Digested from case reports published in Westlaw, West Publishing Co., St. Paul, MN


Food fight: Does policy cover trademark violation?

Great River Food, an Asian food wholesaler, sued another Asian food wholesaler, Kim Seng Company, for trademark violations. According to Great River, Kim Seng infringed on Great River’s trademark, “Que Huong,” which Great River had been using for its frozen meat products since 1986.

“Que Huong” is a Vietnamese phrase that means “home town,” “native land,” “country” or “fatherland.” Kim Seng registered “Que Huong” as a trademark for several of its products in 1997 and registered a phrase using “Que Huong” on another product in 2000. In its applications, Kim Seng noted that it had been using the language as a trademark as far back as 1988. Between 1997 and 1998, Kim Seng used the phrase for several of its products as well as a trademarked logo that included a water buffalo.

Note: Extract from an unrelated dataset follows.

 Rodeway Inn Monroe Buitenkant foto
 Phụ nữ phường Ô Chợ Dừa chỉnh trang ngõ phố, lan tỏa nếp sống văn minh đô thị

From October 6, 1997, through October 6, 1998, Kim Seng was insured under two commercial general liability policies. The primary policy, issued by Great American Insurance Company of New York, provided coverage for “advertising injury.” The umbrella policy, issued by a related Great American company, provided excess coverage. Both policies excluded coverage for advertising injuries arising out of publication of material whose first publication took place before the beginning of the policy period.

Great American denied coverage for the Great River Food trademark infringement action based on the prior publication exclusions. Another insurer paid for Kim Seng’s defense and eventually filed suit against Great River. Great River sought a declaration that it was not obligated to defend and indemnify Kim Seng. The trial court found in favor of Great American, and Kim Seng appealed.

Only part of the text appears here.